A detour to visit the small town of Sakya (Sajia) is pretty much de rigueur for any trip down the Friendship Hwy. The town is southeast of Shigatse, about 25km off the Southern Friendship Hwy, accessed via a good dirt road through a pretty farming valley. The draw here is the Sakya Monastery, which, like Shalu, has great appeal to the eye (the high-walled monastery compound is dubbed the ‘Great Wall of Tibet’ by some) and the spirit (the dim, smoky assembly hall exudes sanctity like few others). Also like Shalu, Sakya occupies an important place in Tibetan history
Sakya actually has two monasteries, on either side of the Trum-chu. The heavy, brooding, fortress-like monastery south of the river is the more famous and if you only have time to visit one, make it this. The hillside northern monastery, mostly reduced to picturesque ruins, is undergoing restoration work.

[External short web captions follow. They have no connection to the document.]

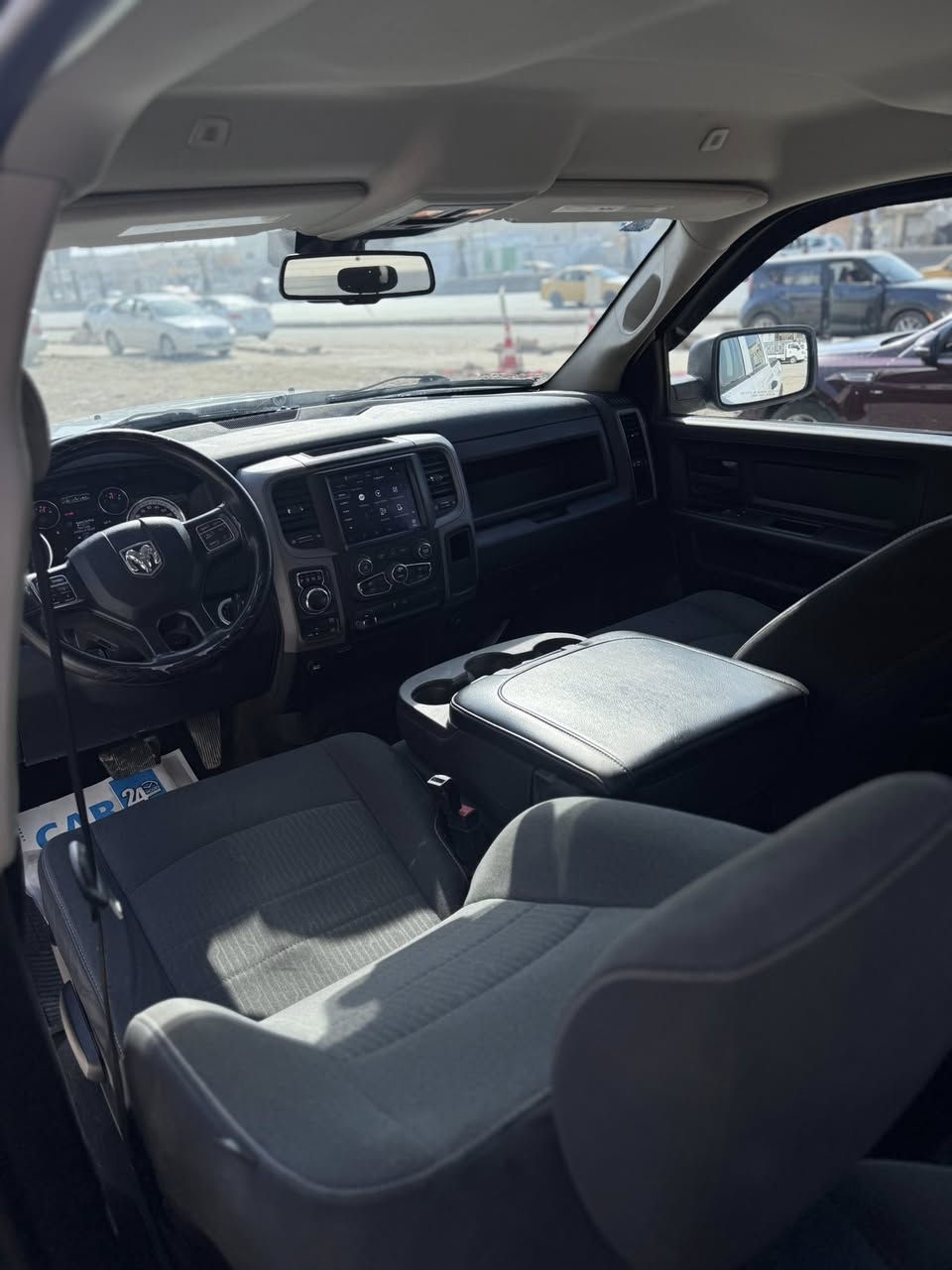 بيع او مراوس
رام 2022 كلاسك 
6 سلندر باب طويل بدي قصير (المرغوب)

حادث موضح بالصور جاملغ ايمن والبنيد مبدل وياه 
سنويه بإسمي 2029 
6 راكب 
شاشه كبيره 
كير ماوس 
السعر 220وبيها مجال
مكان -بابل- ***********
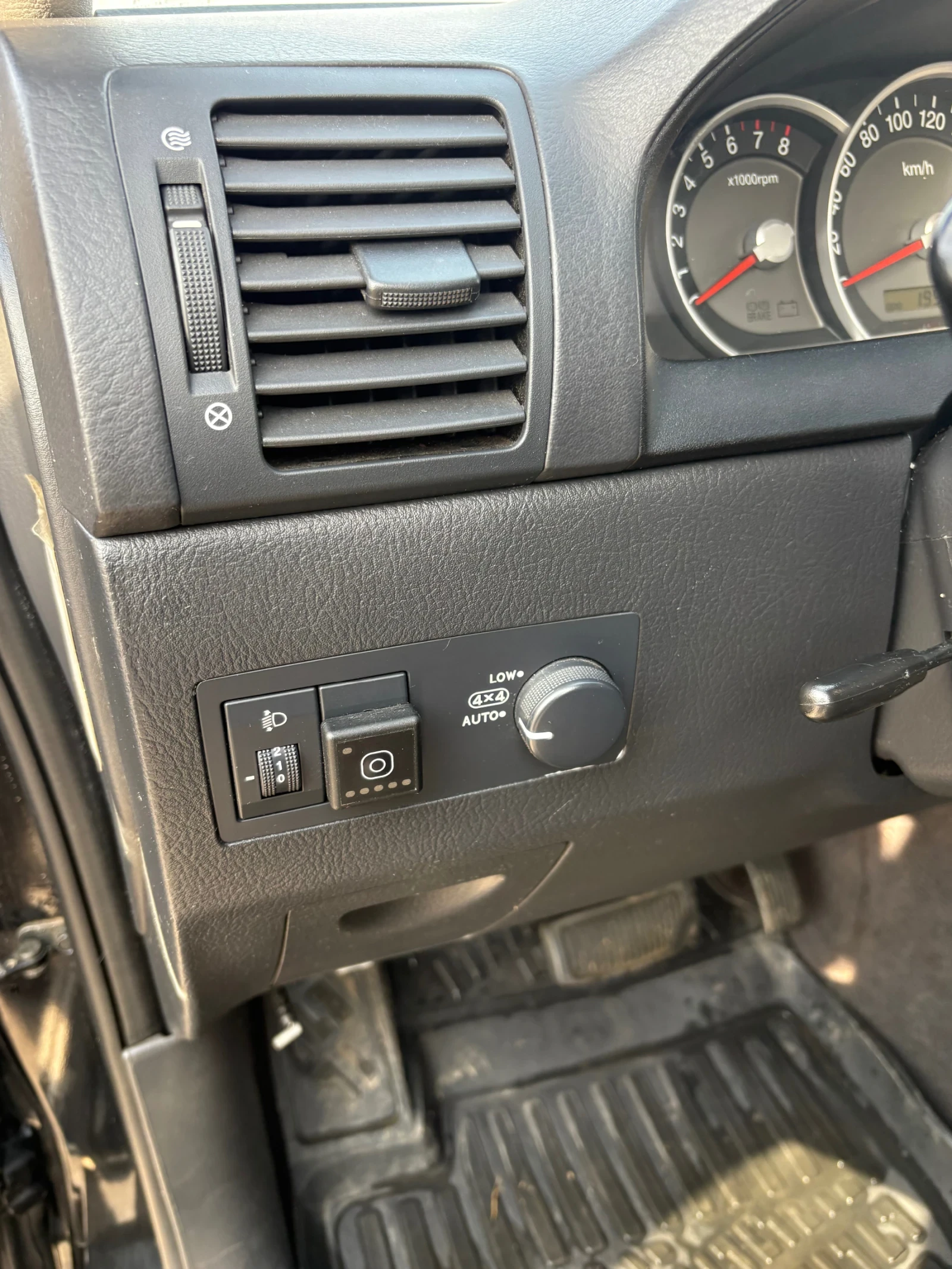 Kia Sorento 3.3 V6 LPG, снимка 8 - Автомобили и джипове - 53753183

One characteristic feature of the Sakya region is the colouring of its buildings. Unlike the standard whitewashing that you see elsewhere in Tibet, Sakya’s buildings are ash grey with white and red vertical stripes. The colouring symbolises the Rigsum Gonpo (the trinity of bodhisattvas) and stands as a mark of Sakya authority. Sakya literally means ‘pale earth’.
Unfortunately, a great deal of ugly development has occurred in the southern half of Sakya in recent years, robbing the town of much of its charm. At the same time, however, a new Tibetan village (with a lovely debating hall and monks’ quarters) is being constructed down by the river. Pretty much any photograph you take pointed towards the hills to the north is going to look good.